Scrap prices remained rangebound at the start of 2024

Scrap prices were flat-to-down in major regions on the back of additional supply and slow demand. Asian prices started 2024 on a better footing than those in Europe and the USA. Scrap prices typically rise in January due to tighter supply of both prime and obsolete grades of scrap. However, steady automotive production and a milder winter in most major supply markets resulted in greater availability of scrap.

Scrap prices weakened in the west on higher availability

The CRUmpi declined by 1.1% m/m to 330.7 in January, compared to a 5.5% m/m increase in January 2023. This atypical m/m decline for the index was driven by a mix of better seasonal supply and weaker demand across major regions. The US market witnessed lower m/m bids for prime and secondary grades from steelmakers which led to a m/m price decrease, although to a lesser degree than initially suggested. Scrap export sales to Turkey also weakened for US suppliers as Turkish buyers lowered their bids, citing their inability to pass through costs to consumers.

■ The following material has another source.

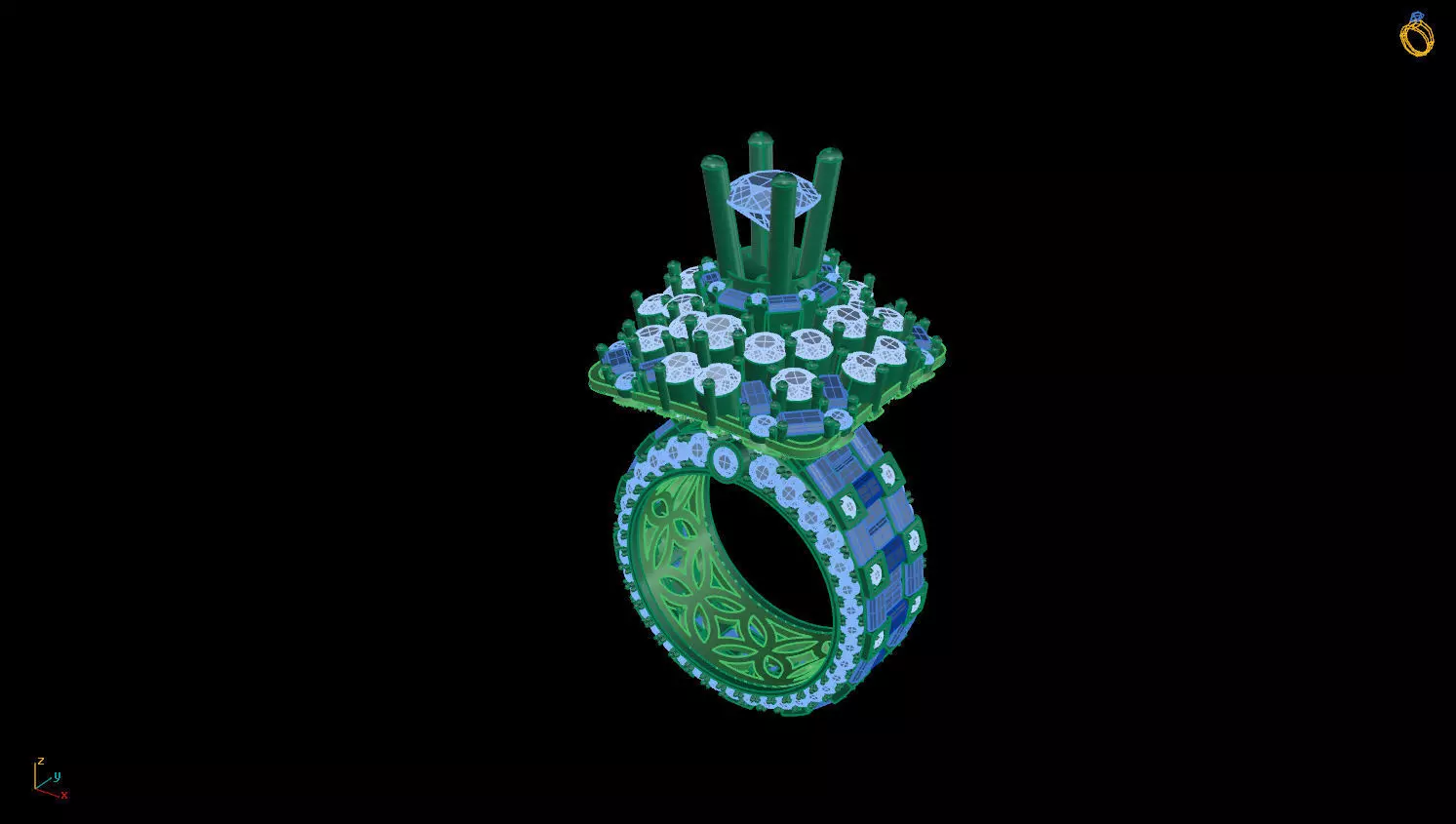 RINGS DIAMOND 3D print model_0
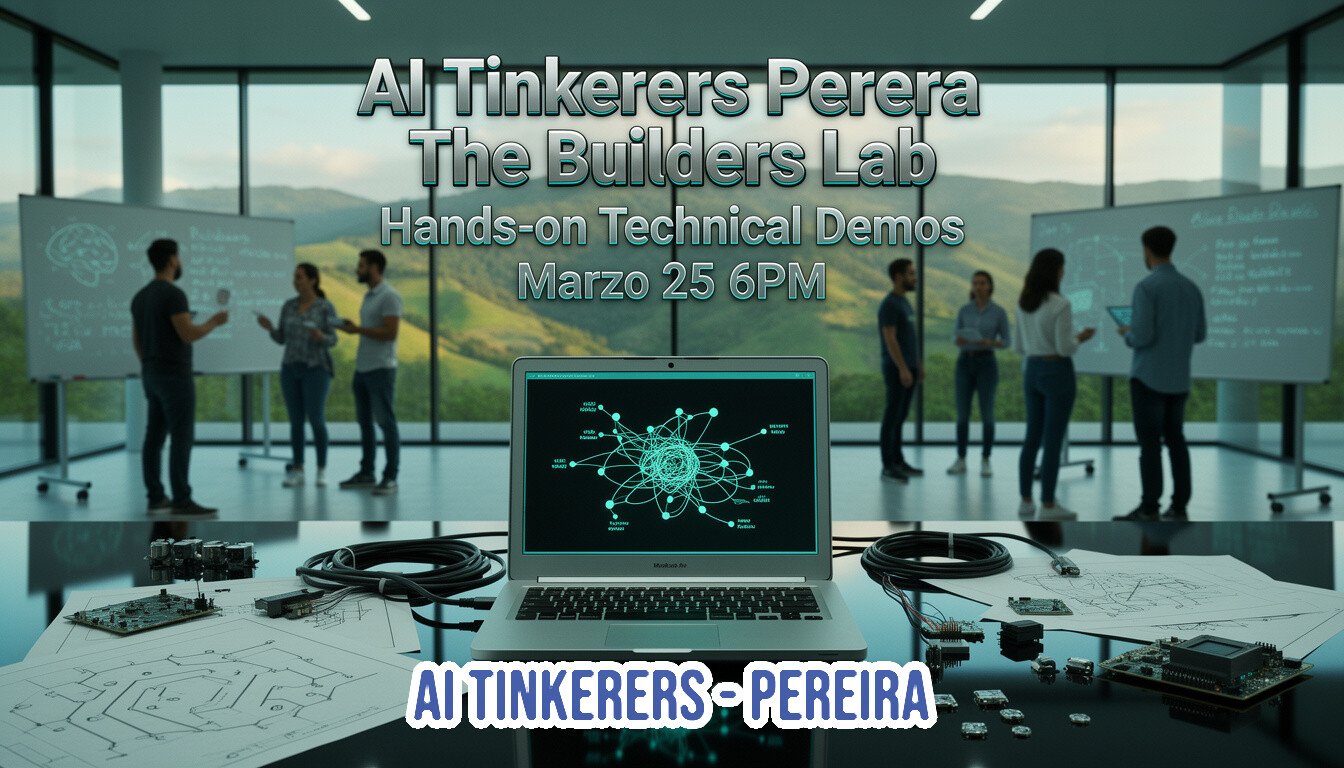 (Banner) A promotional banner for a technical event called 'AI Tinkerers Pereira', featuring a laptop with a neural network visualization and people collaborating in a modern office setting. Text: AI Tinkerers Perera The Builders Lab Hands-on Technical Demos Marzo 25 6PM AI TINKERERS - PEREIRA Modern, clean, and tech-oriented with a professional aesthetic. | Colors: #000000, #FFFFFF, #00D1B2, #4A4A4A Note: The image is a promotional graphic that uses a combination of text overlays and a background scene to advertise a specific event and time.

In Europe, scrap buyers and sellers were slow to return to business from the holidays. Sellers intended to raise prices by €5–10 /t, given the recent upward momentum in finished steel prices and restricted availability. However, scrap prices ended up declining slightly m/m due to lack of buying interest as many buyers restocked ahead of the new year and steel end-use demand did not significantly pick up.

In Asia, South Korean and Chinese markets were outliers to the general flat-to-down trend for scrap prices. The price upswing in both these markets was a consequence of strong restocking demand. Several EAF based mills in China built up stock well ahead of the upcoming Chinese New Year holidays in February, as they anticipated scrap availability to drop from late January. Meanwhile, some steelmakers in Japan and South Korea decided against stocking up scrap because of weak steel market conditions amid high finished steel inventory and upcoming maintenance schedules.

Pig iron prices rose in most markets, except for Europe

Among ore based metallics, prices of pig iron rose m/m in all major regions aside from Europe on improved buying, while those of DRI/HBI remained stable m/m. US demand for pig iron was robust at a time when availability of Brazilian material increased after tightening in the previous month. Meanwhile, supply from Ukraine improved with the opening of new sea corridors. European buyers were slow to return from the holidays, despite reduced access to Russian supply as part of the new EU sanctions package, which includes restrictions on pig iron imports and started in December.